A few days ago I was trying to explain why I like reading so much, and why I’d always choose to curl up with a good book over watching a film, or TV show.
I worked out that, for me, reading is important, because it gives my imagination an outlet. The problem with film and TV is that it’s all done for you, text is interpreted by a director, and then you watch how they imagine something to look.
If a story contains a description of a place, I want to picture it myself, conjure the images myself, savour the colours and intricacies that are peculiar to my interpretation. Only then do I feel as if I am fully engaged with the story. Only this way am I able to get totally lost in a scene, absorbed in the mental picture I create.
I was thinking yesterday, about how this relates to my interaction and engagement with the Christmas story. This is my 25th advent, I’ve probably heard the story countless times, often it feels like a scene I am watching on the television, only half-concentrating because the work is all done for me. I have seen the nativity scene presented hundreds of times, read it probably thousands.

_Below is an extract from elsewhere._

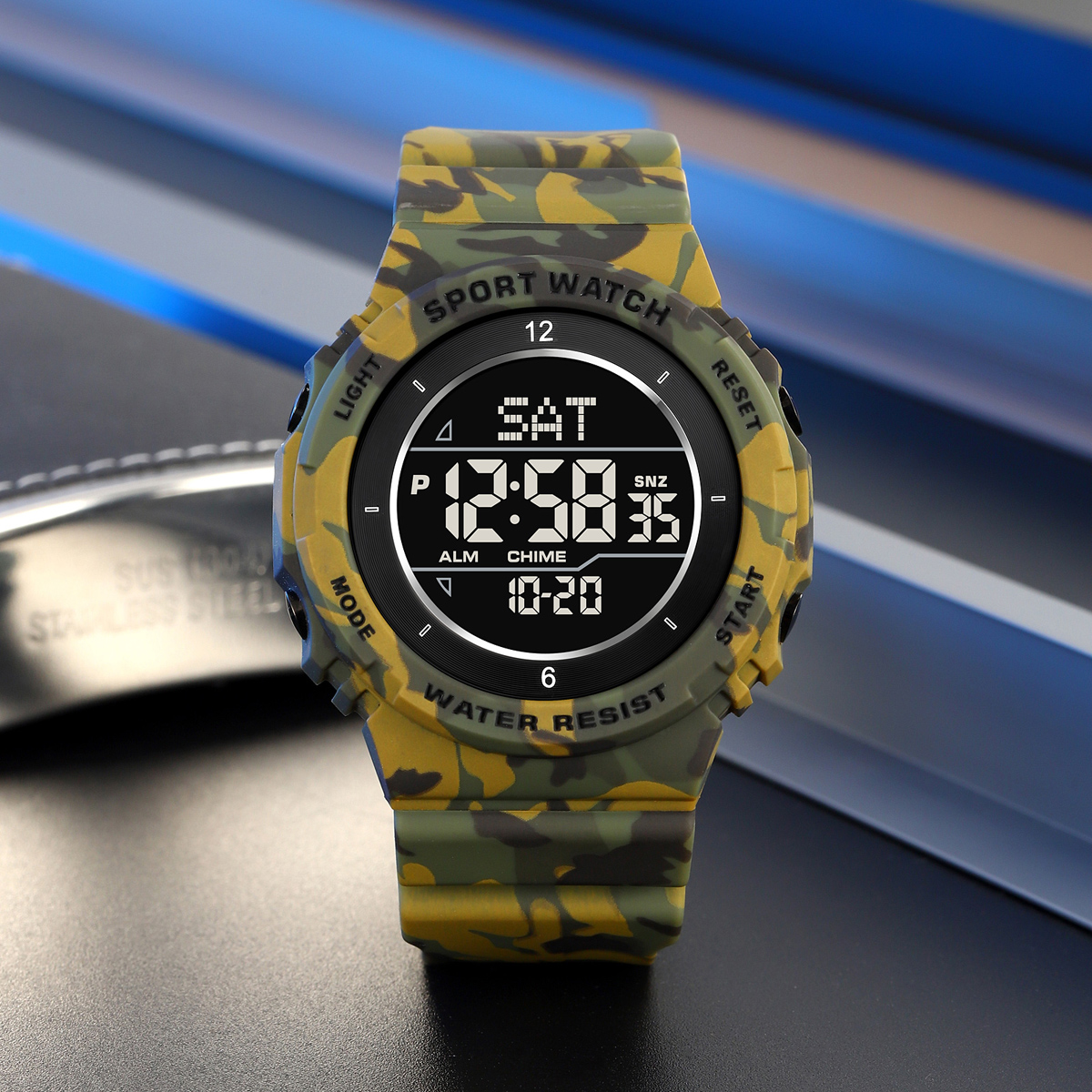 SKMEI 2400 Wholesale Mulitifunctionall Large Sports Electronic Men Digital Watch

It’s like one of those famous soap episodes that has been repeated over and over again.
Yesterday in church, we sang ‘Oh Little Town of Bethlehem’, which again, I’ve sang countless times. This time, however, I was really struck by a line in the last verse:
“Be born in us today.”
I know this refers to a lot of theological stuff about incarnation, and Jesus living through us today etc, but for me yesterday it reminded me of something else.
Christmas was about Jesus being born into the world once, and this has eternal connotations for all of us, and for history after that point (and before it too, I guess). This can’t be as far as it goes however.

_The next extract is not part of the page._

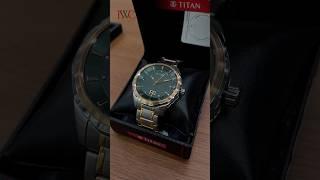 Titan Regalia Opulent with Date Green Dial With Two Toned Watch For Men #titanwatches #shorts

If I can find a way to engage with the Christmas story afresh, to connect with God today through those well-rehearsed phrases, that means that something of Jesus, something of that incarnation, is being born in me today. I will begin to grasp that the gift has relevance and impact on the life I am living in 21st century London.

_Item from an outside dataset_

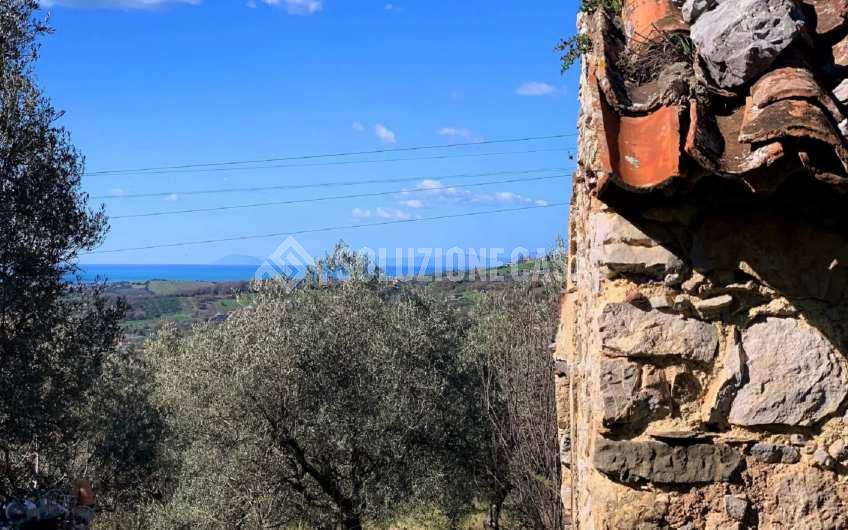 SC1217 Casale in pietra con vista mare in vendita a Giungano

This year, I want to make the effort to approach the story as if I am reading words on a page, words I may have read before, but that I cannot help but create into lavish and colourful scenes in my mind. I want to try to avoid the sense of detachment, as if the story is just some kitcsh old film that is repeated every Christmas, with the sole purpose of providing background noise while everyone dozes off after dinner.
Surely God becoming man, vulnerable, dirty and inconsolable deserves this much.